Происходящее в сказке, рассказанной Иваном Кавалерову, есть сжатое изложение (так сказать, «по идеям») «Трех толстяков». В действительности, где победил‑таки новый строй, человеку с его извечными чувствами не нашлось места, оставалась надежда на вымысел. Сперва – вставная сказка в «Зависти»: изобретенная Иваном машина «Офелия» разрушала «Четвертак», фабрику – кухню, образ нового мира, а с ним и власть Андрея («толстяка»).

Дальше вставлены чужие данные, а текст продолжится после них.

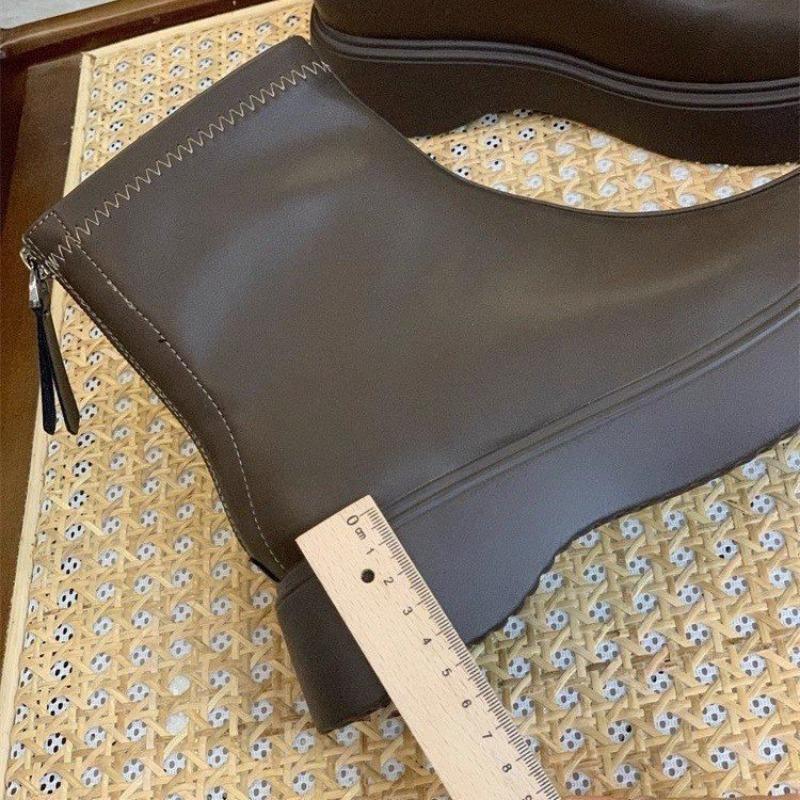 Martin Boots Women's Small Thick-soled Heightening Short Boots Women's Autumn and Winter Thin Velvet Boots Elastic Boots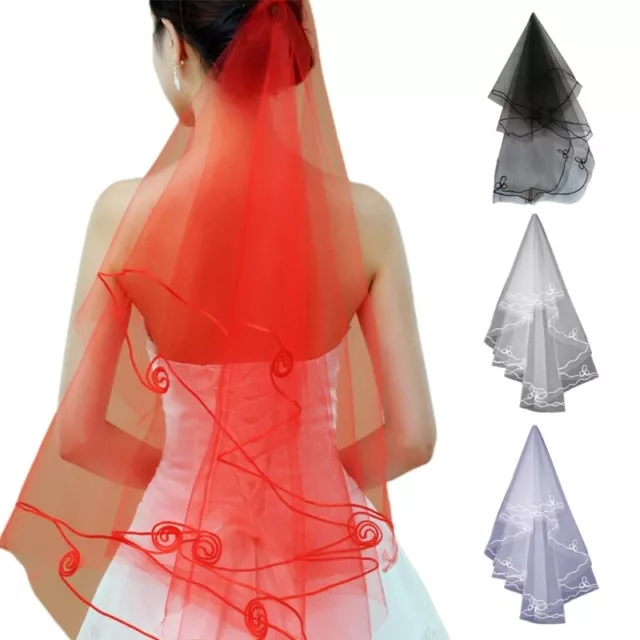 Wedding Veil Bridal Tulles Double Layer Long Halloween Cosplay Party Decor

Потом (если иметь в виду время опубликования) в «Трех толстяках», где произошли события, невозможные в жизни: «Народ справлял первую годовщину освобождения из‑под власти Трех Толстяков» (с. 241).

«…Офелия спешила ко мне, волоча раздавленного, умирающего Андрея.

– Пусти меня на подушку, брат, – шептал он. – Я хочу умереть на подушке (среди старой жизни, им всячески поносимой. – В. М.).Я сдаюсь, Иван…

Я положил на колени подушку, он приник к ней головой.

– Мы победили, Офелия, – сказал я» (с. 106).

Только в сказке, на самом деле победили Андрей, фабрика – кухня нового мира, однообразная коммунальность, «мы». В этом мире любой обед, точно, стоит четвертак, зато нет родного, домашнего, семейного, и норма фабрики – кухни сильно отдает нормой тюремной, одинаковой для всех.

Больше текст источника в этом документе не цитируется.